Hi Flink Dev Community,

I've found RowConverter.java in flink-parquet module doesn't support reading a 3-level list type in parquet though it is able to process a 2-level list type. 

3-level 
optional group my_list (LIST) {
repeated group element {
required binary str (UTF8);
};
}

  2-level
optional group my_list (LIST) {
repeated int32 element;
}

The parquet file I am testing with was written by Spark job and it has a 3-level list type. When I try to process the parquet file, it runs into 'java.lang.ClassCastException: Expected instance of group converter but got "org.apache.flink.formats.parquet.utils.RowConverter$RowPrimitiveConverter"' error. 
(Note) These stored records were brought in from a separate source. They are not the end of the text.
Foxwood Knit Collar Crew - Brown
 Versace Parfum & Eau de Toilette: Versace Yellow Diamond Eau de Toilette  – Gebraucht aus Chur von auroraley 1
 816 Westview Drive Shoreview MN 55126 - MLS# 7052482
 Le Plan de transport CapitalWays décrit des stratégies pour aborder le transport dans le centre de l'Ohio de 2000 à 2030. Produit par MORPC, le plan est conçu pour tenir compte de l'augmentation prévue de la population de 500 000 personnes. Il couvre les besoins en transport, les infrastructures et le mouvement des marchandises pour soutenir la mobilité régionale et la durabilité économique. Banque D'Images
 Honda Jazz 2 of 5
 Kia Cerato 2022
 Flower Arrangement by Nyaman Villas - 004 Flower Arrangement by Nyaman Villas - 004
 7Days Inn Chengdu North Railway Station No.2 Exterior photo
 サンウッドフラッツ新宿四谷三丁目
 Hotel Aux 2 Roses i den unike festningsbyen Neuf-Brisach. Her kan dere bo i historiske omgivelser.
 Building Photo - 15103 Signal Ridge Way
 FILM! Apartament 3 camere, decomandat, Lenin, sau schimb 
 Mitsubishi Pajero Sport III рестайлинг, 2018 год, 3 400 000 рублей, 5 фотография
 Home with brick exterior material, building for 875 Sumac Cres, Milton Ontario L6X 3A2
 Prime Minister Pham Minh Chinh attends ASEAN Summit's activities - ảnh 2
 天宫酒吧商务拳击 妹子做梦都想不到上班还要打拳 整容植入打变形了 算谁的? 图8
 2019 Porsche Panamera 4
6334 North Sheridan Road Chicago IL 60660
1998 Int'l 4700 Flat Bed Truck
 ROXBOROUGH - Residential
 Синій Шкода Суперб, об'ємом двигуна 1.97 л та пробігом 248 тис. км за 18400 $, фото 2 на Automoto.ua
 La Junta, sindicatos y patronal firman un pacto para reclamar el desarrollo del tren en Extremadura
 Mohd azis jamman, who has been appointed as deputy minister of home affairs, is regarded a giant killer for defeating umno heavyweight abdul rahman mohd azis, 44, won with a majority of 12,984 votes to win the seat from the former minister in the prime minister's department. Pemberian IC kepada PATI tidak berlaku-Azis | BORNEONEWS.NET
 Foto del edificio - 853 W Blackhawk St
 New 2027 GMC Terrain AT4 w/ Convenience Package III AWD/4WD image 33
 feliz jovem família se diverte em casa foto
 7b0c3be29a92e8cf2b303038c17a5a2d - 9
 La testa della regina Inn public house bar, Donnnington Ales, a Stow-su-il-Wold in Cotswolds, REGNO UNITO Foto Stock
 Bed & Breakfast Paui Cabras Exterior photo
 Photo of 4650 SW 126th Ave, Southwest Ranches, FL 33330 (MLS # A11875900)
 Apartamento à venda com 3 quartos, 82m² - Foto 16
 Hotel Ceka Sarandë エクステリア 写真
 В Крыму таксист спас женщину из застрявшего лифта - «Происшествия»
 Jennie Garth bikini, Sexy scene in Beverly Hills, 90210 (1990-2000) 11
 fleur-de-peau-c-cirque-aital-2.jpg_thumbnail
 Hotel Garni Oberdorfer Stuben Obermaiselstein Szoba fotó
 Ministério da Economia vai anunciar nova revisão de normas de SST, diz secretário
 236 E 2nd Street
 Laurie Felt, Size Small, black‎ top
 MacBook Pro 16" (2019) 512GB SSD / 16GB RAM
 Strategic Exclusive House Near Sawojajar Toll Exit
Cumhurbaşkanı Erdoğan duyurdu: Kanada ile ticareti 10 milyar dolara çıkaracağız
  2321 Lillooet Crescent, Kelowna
I've tested with Flink 1.9 and checked RowConverter.java still remains the same in v1.11. To process a 3-level list, I think RowConverter.java should be updated with a new TypeInfo, instead of BasicArrayTypeInfo. (A 2-level list is able to be processed with BasicArrayTypeInfo.). I wonder if my understanding is correct and if you have any plan to support a 3-level List datatype in parquet.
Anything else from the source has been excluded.